Marc Blüml (Anmeldung: marc.blueml@stud.uni-frankfurt.de )
Montag 18-20 Uhr SH 2.105
Tutorium 7: Kritiken der Menschenrechte
Menschenrechte sind in aller Munde und werden von den meisten Staaten der Welt anerkannt. Anhand aktueller Beispiele zeigt sich jedoch, dass Verletzungen dieser nicht ausbleiben und häufig durch das Argument, dass sie die kulturellen Unterschiede von Gesellschaften nicht berücksichtigen würden, eine Relativierung erfahren.
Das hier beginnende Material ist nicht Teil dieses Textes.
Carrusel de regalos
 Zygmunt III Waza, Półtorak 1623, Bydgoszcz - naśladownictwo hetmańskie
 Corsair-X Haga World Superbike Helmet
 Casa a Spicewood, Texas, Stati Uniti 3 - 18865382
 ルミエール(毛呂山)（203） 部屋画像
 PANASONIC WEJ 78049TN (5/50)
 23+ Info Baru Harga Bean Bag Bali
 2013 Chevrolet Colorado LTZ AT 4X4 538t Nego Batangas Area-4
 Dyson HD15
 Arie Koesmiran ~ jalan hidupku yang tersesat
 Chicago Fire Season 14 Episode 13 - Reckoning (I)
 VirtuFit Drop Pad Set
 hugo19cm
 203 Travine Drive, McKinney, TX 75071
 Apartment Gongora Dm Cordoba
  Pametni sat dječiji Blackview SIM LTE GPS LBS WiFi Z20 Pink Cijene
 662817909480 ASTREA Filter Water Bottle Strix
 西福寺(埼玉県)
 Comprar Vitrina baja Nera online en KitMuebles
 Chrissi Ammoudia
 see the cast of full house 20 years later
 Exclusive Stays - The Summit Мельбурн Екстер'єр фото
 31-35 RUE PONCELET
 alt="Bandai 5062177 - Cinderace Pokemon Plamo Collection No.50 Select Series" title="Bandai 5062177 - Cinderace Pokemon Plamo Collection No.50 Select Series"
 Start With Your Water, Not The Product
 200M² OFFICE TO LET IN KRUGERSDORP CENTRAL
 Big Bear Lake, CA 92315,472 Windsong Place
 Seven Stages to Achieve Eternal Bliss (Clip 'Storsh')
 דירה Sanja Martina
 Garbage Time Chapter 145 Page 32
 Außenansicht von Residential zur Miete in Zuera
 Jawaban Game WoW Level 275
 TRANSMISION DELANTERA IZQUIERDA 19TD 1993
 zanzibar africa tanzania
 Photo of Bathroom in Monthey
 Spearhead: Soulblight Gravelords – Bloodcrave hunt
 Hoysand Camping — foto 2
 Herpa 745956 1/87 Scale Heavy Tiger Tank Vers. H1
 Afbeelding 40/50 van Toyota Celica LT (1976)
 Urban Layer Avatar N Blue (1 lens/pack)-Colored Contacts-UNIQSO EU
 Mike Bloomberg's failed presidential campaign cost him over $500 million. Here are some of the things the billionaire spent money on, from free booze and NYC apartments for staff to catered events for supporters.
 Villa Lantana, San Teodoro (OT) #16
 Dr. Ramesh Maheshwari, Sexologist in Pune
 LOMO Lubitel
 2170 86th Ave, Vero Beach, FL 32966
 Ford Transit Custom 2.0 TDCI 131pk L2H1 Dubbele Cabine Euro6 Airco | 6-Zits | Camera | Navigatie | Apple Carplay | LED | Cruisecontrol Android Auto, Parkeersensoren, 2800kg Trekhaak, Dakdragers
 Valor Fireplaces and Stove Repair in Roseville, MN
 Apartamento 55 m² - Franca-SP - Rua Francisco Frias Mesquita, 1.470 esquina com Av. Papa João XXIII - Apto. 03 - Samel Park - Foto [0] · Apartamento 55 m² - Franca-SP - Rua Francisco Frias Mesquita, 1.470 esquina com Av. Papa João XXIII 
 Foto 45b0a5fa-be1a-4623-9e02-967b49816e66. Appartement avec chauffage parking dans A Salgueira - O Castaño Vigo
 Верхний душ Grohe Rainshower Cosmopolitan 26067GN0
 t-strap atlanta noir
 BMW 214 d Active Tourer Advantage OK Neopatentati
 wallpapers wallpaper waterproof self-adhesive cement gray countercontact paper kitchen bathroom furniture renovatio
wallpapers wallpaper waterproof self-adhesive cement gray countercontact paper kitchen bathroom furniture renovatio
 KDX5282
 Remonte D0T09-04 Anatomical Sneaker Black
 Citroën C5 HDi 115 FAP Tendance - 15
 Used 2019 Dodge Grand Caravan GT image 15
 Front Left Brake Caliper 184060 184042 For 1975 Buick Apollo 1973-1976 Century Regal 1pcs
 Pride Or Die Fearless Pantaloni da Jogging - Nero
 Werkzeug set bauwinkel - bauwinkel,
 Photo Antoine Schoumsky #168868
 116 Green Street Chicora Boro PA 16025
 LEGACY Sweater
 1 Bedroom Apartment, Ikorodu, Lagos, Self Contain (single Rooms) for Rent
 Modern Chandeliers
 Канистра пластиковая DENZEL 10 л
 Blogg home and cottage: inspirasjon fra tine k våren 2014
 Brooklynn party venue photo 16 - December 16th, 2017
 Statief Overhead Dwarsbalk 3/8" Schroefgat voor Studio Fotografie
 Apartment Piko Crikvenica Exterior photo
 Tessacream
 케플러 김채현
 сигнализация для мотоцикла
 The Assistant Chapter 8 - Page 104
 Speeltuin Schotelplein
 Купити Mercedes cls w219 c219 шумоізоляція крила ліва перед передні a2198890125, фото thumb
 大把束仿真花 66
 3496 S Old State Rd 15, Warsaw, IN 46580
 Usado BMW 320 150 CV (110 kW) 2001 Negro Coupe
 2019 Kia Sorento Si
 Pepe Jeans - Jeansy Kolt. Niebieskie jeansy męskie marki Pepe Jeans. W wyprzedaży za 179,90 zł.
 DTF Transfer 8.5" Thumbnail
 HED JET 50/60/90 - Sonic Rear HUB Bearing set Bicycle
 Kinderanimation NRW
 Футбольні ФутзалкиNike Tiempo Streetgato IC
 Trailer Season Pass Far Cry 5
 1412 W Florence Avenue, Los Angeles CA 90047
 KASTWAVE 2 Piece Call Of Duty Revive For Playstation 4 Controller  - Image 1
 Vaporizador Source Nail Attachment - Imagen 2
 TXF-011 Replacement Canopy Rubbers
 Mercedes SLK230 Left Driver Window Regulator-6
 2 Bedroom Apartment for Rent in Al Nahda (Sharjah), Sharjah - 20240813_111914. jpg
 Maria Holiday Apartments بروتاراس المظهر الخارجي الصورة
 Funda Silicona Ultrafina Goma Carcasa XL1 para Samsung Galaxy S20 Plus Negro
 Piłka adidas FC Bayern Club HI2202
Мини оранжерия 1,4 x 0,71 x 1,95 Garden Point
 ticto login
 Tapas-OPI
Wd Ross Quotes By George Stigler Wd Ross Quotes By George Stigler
Mit meinem autonomen Tutorium möchte ich der Frage nachgehen, ob den Menschenrechten ein universaler Geltungsanspruch zugeschrieben werden kann. Dafür werden wir zunächst den Begriff sowie den Ursprung und die Entwicklung der Menschenrechte nachvollziehen. Im Zentrum der Veranstaltung sollen aber besonders die Kritiken an der aktuellen Menschenrechtskonzeption stehen. Ziel des Seminars soll es dabei sein, das Thema der Menschenrechte kritisch und interdisziplinär zu bearbeiten. Neben politikwissenschaftlichen, philosophischen und juristischen Herangehensweisen würde ich mich freuen, wenn auch Studierende anderer Disziplin unsere Diskussion bereichern. Nach Möglichkeit möchte ich die Veranstaltung auch gerne dazu nutzen, Lehrende der Goethe-Universität, die im Bereich der Menschenrechte forschen, zu integrieren.
Nicolas Alexander Brinkmann (Anmeldung: nicolas.brikmann@aol.com)
Zweiwöchentlich jeweils 3h : Dienstag 10:30 NM 120 (Bockenheim Campus)
Tutorium 8: Multidirektionale Kritik von queeren Kritiken und reproduktiver Heteronormativität
Wie kann eine multidirektionale, anti-imperialistische und anti-rassistische Kritik innerhalb queerer Politiken aussehen, welche auch Kritik an der reproduktiven Heteronormativität in postkolonialen Kontexten begleitet wird?
Die Politikwissenschaftlerin Nikita Dhawan (welche bis zur Auflösung des „Frankfurter Center für Postkoloniale Studien“ 2014 an der Universität Frankfurt forschte) spricht sich in Ihrem 20156 erschienen Aufsatz Homonationalismus und Staatsphobie: Queering Dekolonisierungspolitiken, Queer-Politiken dekolonisieren dezidiert für eine solche Kritik aus.
Doch wie kann eine multidirektionale Kritik konkret aussehen, welche die Reproduktion von gewaltvollen, neo-kolonialen Machtverhältnissen in queeren Politiken kritisiert und gleichzeitig auch gegenüber „reproduktiver Heteronormativität“ in verschiedenen Kontexten kritisch bleibt? Dieser Frage wollen wir in diesem Seminar nachforschen. Dabei möchten wir unsere eigenen Erfahrungen mit theoretischen Arbeiten kontextualisieren und möchten vor allem Studierende ansprechen, welche aus verschiedenen „Gründen“ und besonders an und in Institutionen wie der Universität implizit oder direkt „de-normalisiert“ werden: sei es aufgrund Ihres vermeintlichen Migrationsstatus, Ihres Aussehens (Kleidung, Kopftuch, Körperform etc.), Ihrer Geschlechtsidentität, Ihres Alters/Semesteranzahl uvm. Die Veranstaltung ist jedoch offen für alle Studis, welche offen für einen kritischen Umgang mit den Themen sind. Ein Teil der Literatur ist bisher leider nur auf Englisch erschienen – die Tutoriumssprache würde jedoch auf Deutsch sein und wir würden die Inhalte nochmal zusammen rekapitulieren bzw. es würden notfalls auch eigene Übersetzungen zur Verfügung gestellt.